La Chambre de première instance VI de la CPI déclare Bosco Ntaganda coupable de crimes de guerre et de crimes contre l’humanité

Ce 8 juillet 2019, la Chambre de première instance VI de la Cour pénale internationale (CPI) a déclaré M. Bosco Ntaganda coupable, au-delà de tout doute raisonnable, de 18 chefs de crimes de guerre et de crimes contre l’humanité, commis en Ituri, en République démocratique du Congo (RDC). en 2002-2003. La Chambre de première instance VI, composée des juges Robert Fremr, Président, Kuniko Ozaki et Chang-ho Chung, a annoncé son arrêt au cours d’une audience publique qui s’est déroulée dans la salle I au siège de la Cour à La Haye (Pays-Bas).

Conclusions: Pour prendre sa décision, la Chambre a examiné tous les éléments de preuve soumis au cours du procès, notamment des documents, des témoins oculaires et des initiés.

La Chambre de première instance VI a constaté que l’Union des patriotes congolais (UPC) et son branche militaire, les Forces patriotiques pour la libération du Congo (FPLC), étaient toujours impliquées dans au moins un conflit armé non international avec une partie adverse, en Ituri, dans le district de la RDC, du 6 août 2002 ou autour de cette date au 31 décembre 2003 ou aux environs de cette date.

La conduite de l’UPC / des FPLC contre la population civile était le résultat escompté d’une stratégie préconçue visant la population civile. Les crimes commis ont été perpétrés conformément à la politique de l’UPC / FPLC. M. Ntaganda a exercé une fonction militaire très importante au sein de l’UPC / FPLC.

Dans ce contexte, la Chambre a déclaré M. Ntaganda coupable de crimes contre l’humanité (meurtre et tentative de meurtre, viol, esclavage sexuel, persécution, transfèrement forcé et expulsion) et de crimes de guerre (meurtre et tentative de meurtre, ordonnement intentionnel d’attaques contre des l’esclavage, ordonnant le déplacement de la population civile, enrôlant et enrôlant des enfants de moins de 15 ans dans un groupe armé et les utilisant pour participer activement aux hostilités, dirigeant intentionnellement des attaques contre des objets protégés et détruisant les biens de l’adversaire).

Bien que les éléments de preuve n’aient pas étayé tous les incidents signalés par le Procureur, ils ont néanmoins démontré que, pour chacun des 18 chefs d’accusation, au moins une partie des accusations avaient été prouvées hors de tout doute raisonnable.

La Chambre a conclu que M. Ntaganda était directement responsable des actes reprochés à trois des chefs d’accusation, à savoir le meurtre en tant que crime contre l’humanité et le crime de guerre et la persécution en tant que crime contre l’humanité, et qu’il était un auteur indirect du crime commis. d’autres parties de ces crimes. Il a été reconnu coupable en tant qu’auteur indirect des crimes restants.

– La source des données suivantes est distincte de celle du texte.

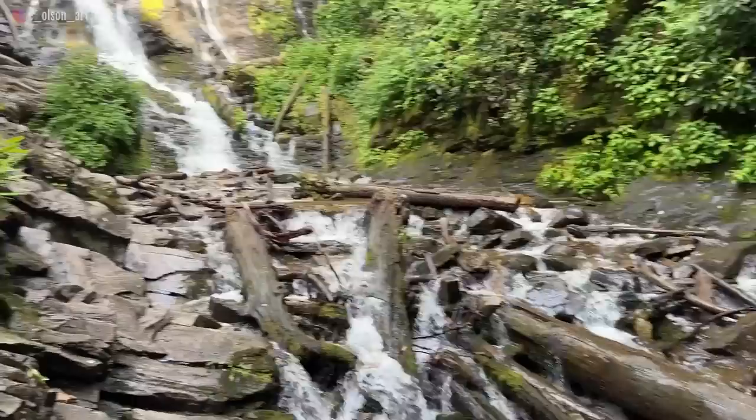The third waterfall I painted during my trip to the Smokies was the majestic 120-foot beauty called Mingo Falls. For this one, I did record my entire painting from start to finish, and the fully narrated tutorial is available in real time through my watercolor mastery membership. If you'd like to learn more, click the link in the description below.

Prochaines étapes: afin de déterminer la peine de M. Ntaganda dans cette affaire, la Chambre recevra des observations des parties et des participants concernant la peine possible, et planifiera une audience séparée pour recueillir les éléments de preuve et traiter des questions liées à la peine. Dans l’attente de la décision sur la détermination de la peine, M. Ntaganda est toujours en détention.

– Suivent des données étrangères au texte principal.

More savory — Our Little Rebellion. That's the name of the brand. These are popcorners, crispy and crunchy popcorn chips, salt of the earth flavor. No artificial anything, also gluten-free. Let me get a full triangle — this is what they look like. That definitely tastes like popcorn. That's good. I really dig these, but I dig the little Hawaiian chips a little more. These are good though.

Les parties (l’Accusation et la Défense) peuvent faire appel de la décision de condamnation dans les trente jours. Les questions liées à la procédure de réparation des victimes seront traitées en temps voulu.

Contexte du procès: Le procès de M. Ntaganda s’est ouvert le 2 septembre 2015 et les déclarations finales du 28 au 30 août 2018.

Au cours de 248 audiences, la Chambre a entendu 80 témoins et experts convoqués par le Bureau du Procureur de la CPI, Mme Fatou Bensouda, 19 témoins convoqués par l’équipe de la Défense conduite par M. Stéphane Bourgon et trois témoins convoqués par les représentants légaux des victimes. participer à la procédure, ainsi que cinq victimes qui ont présenté leurs points de vue et leurs préoccupations.

Un total de 2 129 victimes, représentées par leur conseillère juridique, Mme Sarah Pellet et M. Dmytro Suprun du Bureau du conseil public pour les victimes de la CPI, ont participé au procès après y avoir été autorisées par la Chambre.

La Chambre de première instance a rendu 347 décisions écrites et 257 décisions orales au cours de la phase du procès. 1791 articles ont été admis en preuve. Après la présentation des éléments de preuve, la Chambre a reçu des observations finales écrites des parties et des représentants légaux des victimes. au total plus de 1 400 pages. Le nombre total de dépôts des parties et des participants et des décisions de la Chambre est supérieur à 2300.